Mittwoch, 08.02.2012

Aigner fordert erneut einheitliche Beipackzettel für Banken

16.02.2010

Bundesverbraucherministerin Ilse Aigner (CSU) hat die Banken erneut zu einer einheitlichen Information über Chancen und Risiken von Geldanlagen aufgefordert. "Transparente und verständliche Produktinformationen sind der richtige Weg, um verlorenes Vertrauen der Anleger zurückzugewinnen", sagte Aigner der "Neuen Osnabrücker Zeitung". Sie drohte den Instituten erneut mit einer gesetzlichen Regelung.

Aigner hatte angesichts der Finanzkrise bereits im Sommer zu einheitlichen Produktinformationsblättern der Banken aufgerufen. Im September stellte die ING-Diba ihren sogenannten Beipackzettel vor.
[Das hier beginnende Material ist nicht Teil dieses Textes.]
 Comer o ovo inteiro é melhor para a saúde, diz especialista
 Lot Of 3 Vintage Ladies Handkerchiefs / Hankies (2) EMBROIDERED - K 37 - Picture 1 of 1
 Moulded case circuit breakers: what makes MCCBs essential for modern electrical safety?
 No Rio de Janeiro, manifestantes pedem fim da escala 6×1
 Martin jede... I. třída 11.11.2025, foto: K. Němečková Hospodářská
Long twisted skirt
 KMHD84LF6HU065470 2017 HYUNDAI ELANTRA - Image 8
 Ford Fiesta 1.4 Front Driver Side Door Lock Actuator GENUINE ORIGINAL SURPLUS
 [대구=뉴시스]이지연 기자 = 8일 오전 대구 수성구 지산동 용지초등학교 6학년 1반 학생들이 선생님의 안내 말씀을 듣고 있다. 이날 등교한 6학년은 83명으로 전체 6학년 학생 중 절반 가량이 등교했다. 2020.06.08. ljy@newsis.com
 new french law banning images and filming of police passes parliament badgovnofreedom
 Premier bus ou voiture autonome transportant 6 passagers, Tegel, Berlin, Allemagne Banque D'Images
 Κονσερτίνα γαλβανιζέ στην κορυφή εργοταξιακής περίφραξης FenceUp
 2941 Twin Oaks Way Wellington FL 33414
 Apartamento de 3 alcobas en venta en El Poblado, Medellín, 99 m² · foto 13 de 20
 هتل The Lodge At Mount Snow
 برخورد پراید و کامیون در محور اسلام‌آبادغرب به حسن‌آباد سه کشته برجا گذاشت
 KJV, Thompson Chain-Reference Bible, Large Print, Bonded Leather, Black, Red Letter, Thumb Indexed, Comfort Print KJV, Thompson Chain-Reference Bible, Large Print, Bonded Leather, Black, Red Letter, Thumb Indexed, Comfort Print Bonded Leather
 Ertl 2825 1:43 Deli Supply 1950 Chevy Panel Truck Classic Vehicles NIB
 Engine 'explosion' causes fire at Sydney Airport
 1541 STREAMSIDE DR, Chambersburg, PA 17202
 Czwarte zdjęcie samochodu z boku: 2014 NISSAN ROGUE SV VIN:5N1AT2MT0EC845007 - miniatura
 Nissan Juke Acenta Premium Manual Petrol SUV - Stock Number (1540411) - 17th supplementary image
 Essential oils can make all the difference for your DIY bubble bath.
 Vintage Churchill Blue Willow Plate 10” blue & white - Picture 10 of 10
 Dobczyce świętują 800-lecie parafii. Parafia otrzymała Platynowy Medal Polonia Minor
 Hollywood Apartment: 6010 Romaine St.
In der vergangenen Woche folgte die Deutsche Bank. Laut "Tagesspiegel" wollen bis Sommer auch Postbank und Hypo-Vereinsbank einheitliche Info-Blätter für die Kunden auslegen.

Der Bankenverband - in dem die privaten Institute zusammengeschlossen sind - arbeite zusammen mit seinen Mitgliedern an einem inhaltlich einheitlichen Produktinformationsblatt, sagte ein Sprecher. Die Arbeiten daran seien "weit gediehen". Im März könne "ein abgestimmtes Endprodukt" vorliegen. Der Bankenverband werde das Gespräch auch mit den anderen Verbänden in Deutschland suchen, um die Verbraucherinformation sektorübergreifend einheitlich zu gestalten, sagte der Sprecher.

Die Sparkassen "können sich eine Vereinheitlichung vorstellen", sagte eine Sprecherin des Deutschen Sparkassen- und Giroverbandes. Dies beziehe sich aber nur auf die Institute der Sparkassen-Finanzgruppe. Die Volksbanken und Raiffeisenbanken bieten in ihrem genossenschaftlichen Finanzverbund laut einer Sprecherin Produktinformationen zu Anlageformen wie Investmentfonds, Wertpapieren oder Versicherungen bereits in standardisierter Form an. "Nach unserer Einschätzung werden die Informationsblätter der unterschiedlichen Anbieter die wesentlichen Merkmale eines Anlagesprodukts enthalten", sagte die Sprecherin.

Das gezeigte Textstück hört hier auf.